(Beginning of SUPPLIED DATA)
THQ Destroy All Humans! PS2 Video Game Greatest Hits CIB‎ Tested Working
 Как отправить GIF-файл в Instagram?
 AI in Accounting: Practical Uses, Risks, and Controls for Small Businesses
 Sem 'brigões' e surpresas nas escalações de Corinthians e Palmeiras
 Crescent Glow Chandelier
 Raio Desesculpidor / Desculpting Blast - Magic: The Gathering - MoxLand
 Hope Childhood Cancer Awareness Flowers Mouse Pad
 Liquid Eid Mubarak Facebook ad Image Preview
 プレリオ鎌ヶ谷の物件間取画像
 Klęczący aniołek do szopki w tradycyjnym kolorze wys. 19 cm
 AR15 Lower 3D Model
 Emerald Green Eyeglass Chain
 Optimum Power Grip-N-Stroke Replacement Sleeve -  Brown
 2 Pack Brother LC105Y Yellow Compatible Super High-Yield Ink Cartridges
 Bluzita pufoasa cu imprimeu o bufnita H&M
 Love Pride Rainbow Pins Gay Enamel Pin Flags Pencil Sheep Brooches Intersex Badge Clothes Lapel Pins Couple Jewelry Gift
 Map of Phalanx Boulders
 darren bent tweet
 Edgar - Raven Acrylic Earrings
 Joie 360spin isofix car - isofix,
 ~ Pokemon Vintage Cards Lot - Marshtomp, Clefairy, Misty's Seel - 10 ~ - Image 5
(End of SUPPLIED DATA)
◆ PROBLEM DESCRIPTION ◆
Write out each line above that contains the word "Image".

◆ TASK RESPONSE ◆
 Liquid Eid Mubarak Facebook ad Image Preview
 ~ Pokemon Vintage Cards Lot - Marshtomp, Clefairy, Misty's Seel - 10 ~ - Image 5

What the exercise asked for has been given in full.